To configure the OpenLineage event listener, create the file etc/starburst-open-lineage-event-listener.properties with the following properties:

event-listener.name=starburst-open-lineage
openlineage-event-listener.trino.uri=<Address of your Trino coordinator>

Add etc/starburst-open-lineage-event-listener.properties to event-listener.config-files in Config properties:

event-listener.config-files=etc/starburst-open-lineage-event-listener.properties,...
OpenLineage event listener configuration properties#

Property name

Description

Default

openlineage-event-listener.transport.type

The type of transport to use when emitting lineage information. For a list of options, see Supported Transport Types.

NOOP

openlineage-event-listener.trino.uri

The Trino hostname. Trino uses this to render the job namespace in OpenLineage. This is a required property.

None

openlineage-event-listener.trino.include-query-types

The comma-separated list of query types to include when emitting lineage information. Each value must match io.trino.spi.resourcegroups.QueryType enum. Trino filters out query types you don’t include.

DELETE,INSERT,MERGE,UPDATE,ALTER_TABLE_EXECUTE

openlineage-event-listener.disabled-facets

The Available Trino facets you want to exclude from the final OpenLineage event. The allowed values are trino_metadata, trino_query_context, trino_query_statistics.

None

openlineage-event-listener.namespace

The custom namespace you use for the job namespace attribute. Defaults to dataset namespace.

None

openlineage-event-listener.job.name-format

Custom namespace to use for the job name attribute. Use any string with, with optional substitution variables: $QUERY_ID, $USER, $SOURCE, $CLIENT_IP. For example: As $USER from $CLIENT_IP via $SOURCE.

$QUERY_ID.

Supported Transport Types#

  • NOOP: The default transport type. It does not perform work or transfer data.

  • CONSOLE: Sends OpenLineage JSON event to Trino coordinator standard output.

  • HTTP: Sends OpenLineage JSON event to OpenLineage compatible HTTP endpoint.

OpenLineage HTTP Transport Configuration properties#

Property name

Description

Default

openlineage-event-listener.transport.url

The OpenLineage URL. Required if you use HTTP transport.

None

openlineage-event-listener.transport.endpoint

The custom path for an OpenLineage compatible endpoint.
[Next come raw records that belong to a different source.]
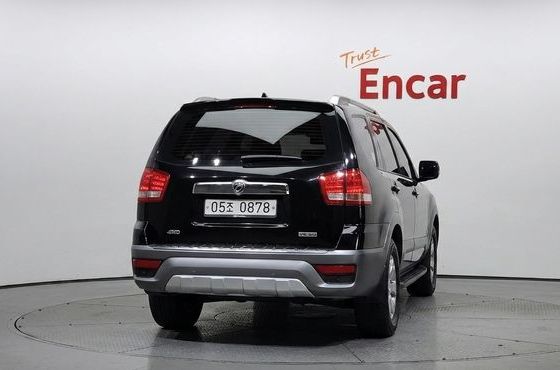 Kia Mohave Diesel 3.0 4WD President — пробег 169 492 км — фото 4 из 5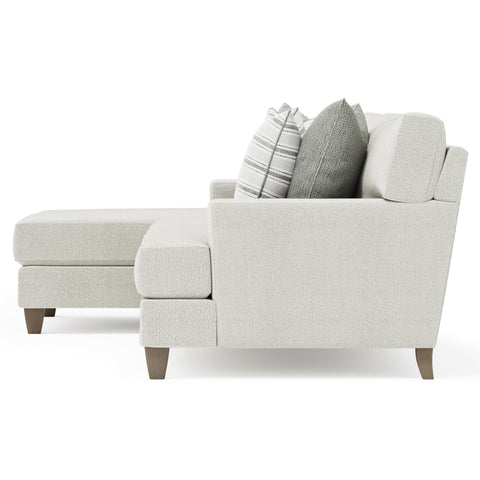 Mila Fabric Sectional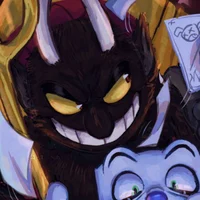 The Devil - Cuphead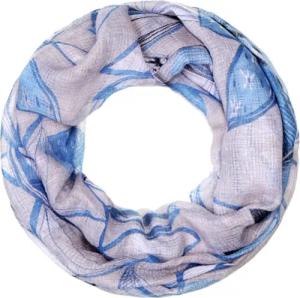Faera Loop, Damen Schal Tropische Flora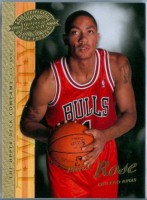 2008 Upper Deck 20th Anniversary #UD61 Derrick Rose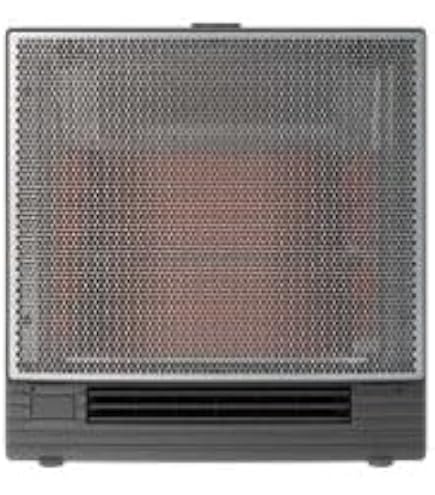 Amazon.co.jp : コロナ miniタイプ 石油ファンヒーター FH-M2523Y-R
If you configure this property, you cannot include any custom path in openlineage-event-listener.transport.url.

/api/v1

openlineage-event-listener.transport.api-key

The API key (string value) for authenticating with the OpenLineage endpoint. at openlineage-event-listener.transport.url.

None

openlineage-event-listener.transport.timeout

The Timeout when you make HTTP Requests.

5000ms

openlineage-event-listener.transport.headers

A list of custom HTTP headers to send along with the events. For more information, see Custom HTTP headers.

Empty

openlineage-event-listener.transport.url-params

A list of custom URL parameters to append to HTTP requests. For more information, see Custom URL parameters.

Empty

openlineage-event-listener.transport.compression

Compression codec used for reducing size of HTTP body. Allowed values: none, gzip.

none

Custom HTTP headers#

Use custom HTTP headers to send metadata with your event.

Format your headers as comma-separated key:value pairs:

openlineage-event-listener.transport.headers="Header-Name-1:header value 1,Header-Value-2:header value 2,..."
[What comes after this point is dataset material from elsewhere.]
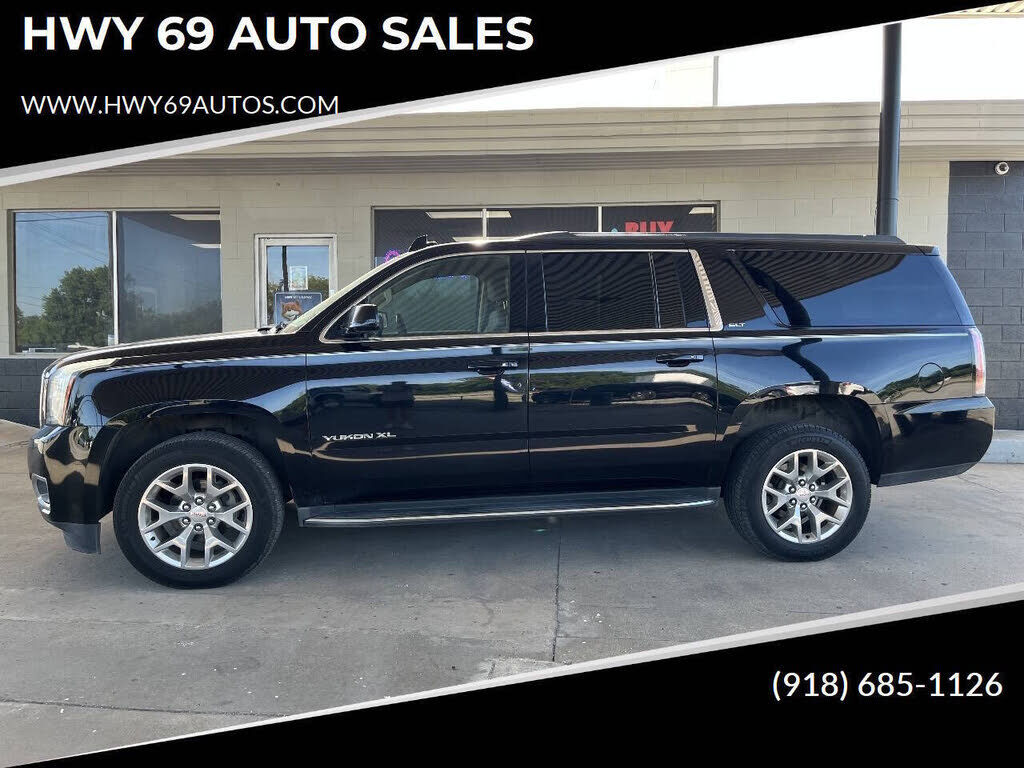 2018 GMC Yukon XL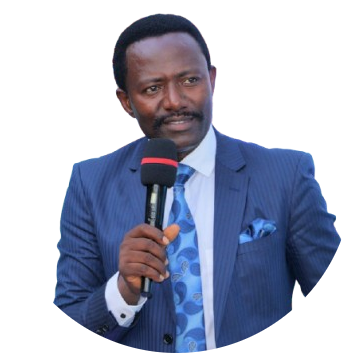 Pastor Gideon Byekwaso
To use a comma(,) or colon(:) in a header name or value, escape it using a backslash (\).

These headers cannot extract dynamic information from the event itself.

Custom URL parameters#

Include custom URL parameters in your HTTP requests.

Format your parameters as comma-separated key:value pairs:

openlineage-event-listener.transport.url-params="Param-Name-1:param value 1,Param-Value-2:param value 2,..."

These parameters cannot extract dynamic information from the event itself.